Rails 6 has added support to provide optimizer hints.

What is Optimizer Hints?

Many relational database management systems (RDBMS) have a query optimizer. The job of the query optimizer is to determine the most efficient and fast plan to execute a given SQL query. Query optimizer has to consider all possible query execution plans before it can determine which plan is the optimal plan for executing the given SQL query and then compile and execute that query.

An optimal plan is chosen by the query optimizer by calculating the cost of each possible plans. Typically, when the number of tables referenced in a join query increases, then the time spent in query optimization grows exponentially which often affects the system’s performance. The fewer the execution plans the query optimizer needs to evaluate, the lesser time is spent in compiling and executing the query.

As an application designer, we might have more context about the data stored in our database. With the contextual knowledge about our database, we might be able to choose a more efficient execution plan than the query optimizer.

This is where the optimizer hints or optimizer guidelines come into picture.

Optimizer hints allow us to control the query optimizer to choose a certain query execution plan based on the specific criteria. In other words, we can hint the optimizer to use or ignore certain optimization plans using optimizer hints.

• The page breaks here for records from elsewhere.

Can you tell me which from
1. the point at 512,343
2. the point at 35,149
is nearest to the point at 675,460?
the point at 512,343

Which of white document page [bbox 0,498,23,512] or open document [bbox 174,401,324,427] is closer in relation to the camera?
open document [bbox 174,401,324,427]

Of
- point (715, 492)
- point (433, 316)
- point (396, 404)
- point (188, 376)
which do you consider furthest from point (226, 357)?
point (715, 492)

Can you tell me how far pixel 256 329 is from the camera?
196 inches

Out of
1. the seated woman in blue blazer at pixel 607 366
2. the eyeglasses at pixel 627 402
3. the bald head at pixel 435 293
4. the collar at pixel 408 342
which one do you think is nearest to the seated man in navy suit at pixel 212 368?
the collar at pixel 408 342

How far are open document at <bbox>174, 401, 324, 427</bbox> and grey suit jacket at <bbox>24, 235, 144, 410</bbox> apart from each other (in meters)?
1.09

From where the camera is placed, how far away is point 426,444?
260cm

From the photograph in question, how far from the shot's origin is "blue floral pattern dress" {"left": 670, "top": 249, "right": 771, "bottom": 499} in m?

Usually, optimizer hints should be provided only when executing a complex query involving multiple table joins.

Note that the optimizer hints only affect an individual SQL statement. To alter the optimization strategies at the global level, there are different mechanisms supported by different databases. Optimizer hints provide finer control over other mechanisms which allow altering optimization plans by other means.

Optimizer hints are supported by many databases such as MySQL, PostgreSQL with the help of pg_hint_plan extension, Oracle, MS SQL, IBM DB2, etc. with varying syntax and options.

Optimizer Hints in Rails 6

Before Rails 6, we have to execute a raw SQL query to use the optimizer hints.

query = "SELECT /*+ JOIN_ORDER(articles, users) MAX_EXECUTION_TIME(60000) */ articles.* FROM articles INNER JOIN users ON users.id = articles.user_id WHERE (published_at > '2019-02-17 13:15:44') ".squish ActiveRecord::Base.connection.execute(query)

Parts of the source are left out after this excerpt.